Rhett Butler es un hombre que se casó con la mujer equivocada. Se enamoró de un carácter de fuego calculado con los ojos felinos, de una niña bien que aparentaba caricias de tul en los modales y escondía la dureza de un diamante. No la fuerza, que viene a ser el magma de la tranquilidad, sino la dureza: Scarlett O’Hara era, incluso de muchacha, una mujer voluble y caprichosa que se volvía soberbia o desquiciada cuando se le llevaba la contraria. El drama de Rhett Butler no es la Guerra Civil Americana, en la que multiplicó su riqueza con el contrabando marítimo para las fortunas sureñas que se mantenían en pie, a pesar del bloqueo, ni tampoco un pasado que nos parece turbio, sino enamorarse de la mujer equivocada. Ahora bien: quién no iba a enamorarse de Vivien Leigh/Scarlett, Escarlata de toda la vida en español, con esos ojos verdes que asomaban océanos y un temperamento superior al de la mayoría de los hombres. Cómo no enamorarse de esa mujer en el fondo no fina, aunque lo quisiera aparentar, sino más bien bruta en sus reacciones, pero con un perfil angelical, criada entre los sueños de un mundo perdido, pero capaz de escarbar en la tierra roja de Tara para sacar un nabo, morderlo en mitad de un crepúsculo cobrizo y gritar: «A Dios pongo por testigo que jamás volveré a pasar hambre». Sin embargo, también se equivocó: empezó casándose con un niño, Charles Hamilton -el hermano de Melita- y luego repitió con un viejo, el patilludo Frank Kennedy, para hacerse la dueña del aserradero. Mandar, en definitiva, y seguir siendo objeto de una adoración. El problema vino cuando tuvo que vérselas con un hombre de frente, que antes o después iba a plantarse y mandarla a paseo. Ese hombre es Rhett Butler, su tercer marido, que la ha amado a lo largo de sus dos matrimonios como solo puede hacerlo quien antes y después ha tenido a todas las mujeres que ha querido. Cuando se puede tanto, con tan amplio horizonte, y se quiere así, pensando más en ella que en sí mismo, en sus prioridades y deseos, teniendo un harén al doblar la esquina, es que ese amor es cierto. Por eso cuando se marcha y la abandona su cansancio es ya definitivo. Todavía no es tarde para él, pero el drama de Rhett ha sido su empeño en equivocarse.

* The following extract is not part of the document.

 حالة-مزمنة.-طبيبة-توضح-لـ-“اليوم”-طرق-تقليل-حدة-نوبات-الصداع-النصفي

Esto es Lo que el viento se llevó, en la que los negros son paisaje. Esta misma historia podría haberse ubicado antes de la caída de Constantinopla, teniendo como personaje principal a una concubina que marea al hombre que la quiere, que además es apuesto y tiene un reino propio al que volver. El aire fin de época es fundamental: porque muere un amor mientras se acaba el mundo. Sin embargo, el relato se ubica antes, durante y tras la Guerra de Secesión porque Margaret Mitchell escribió su novela en Atlanta, convaleciente de un accidente de coche, entre 1926 y 1936, todavía con la sombra alargada de la guerra, con sus viejas historias y sus lentos fantasmas. No es una novela sobre la esclavitud, sino sobre un amor con las cargas de entrega muy descompensadas.

La censura retroactiva que llega de la mala conciencia de EEUU, comprensible y legítima, nos haría prohibir Sinuhé El Egipcio o Cleopatra por hacer apología de regímenes esclavistas, lo que acabaría en el hashtag #derribadlaspirámides. Y antes de arrumbar todas las estatuas de Colón habría que quemar todo el género western sobre el genocidio de la nación india, que éste sí fue verdad. Y si Lo que el viento se llevó les parece esclavista, entonces El nacimiento de una nación, de D. W. Griffith, con su relato sobre el nacimiento del Ku Klus Klan, habría que echarla a la hoguera de la eternidad.

Otra cosa es las circunstancias repugnantes de segregación racista que se vivían en EEUU durante el estreno, con la actriz Hattie McDaniel recibiendo el Oscar por su inolvidable interpretación de Mammy, la criada de Scarlett, el 29 de febrero de 1940. Aunque los hechos de la película habían tenido lugar 75 años antes, el hotel Ambassador de Los Ángeles, donde se celebró la gala, no permitía la entrada a los negros. El productor David O. Selznick tuvo que pedir un permiso especial, y la primera actriz afroamericana en ganar un Oscar se sentó en una mesa pequeña, al fondo de la sala, lejos Clark Gable y Vivien Leigh. Tampoco pudo posar en la fotografía con ellos. Pero cuando muchos negros la criticaron por aceptar papeles de criada, ella respondió: «Prefiero interpretar a una criada por 700 dólares que ser una por siete». En realidad, la verdadera Scarlett era Hattie McDaniel.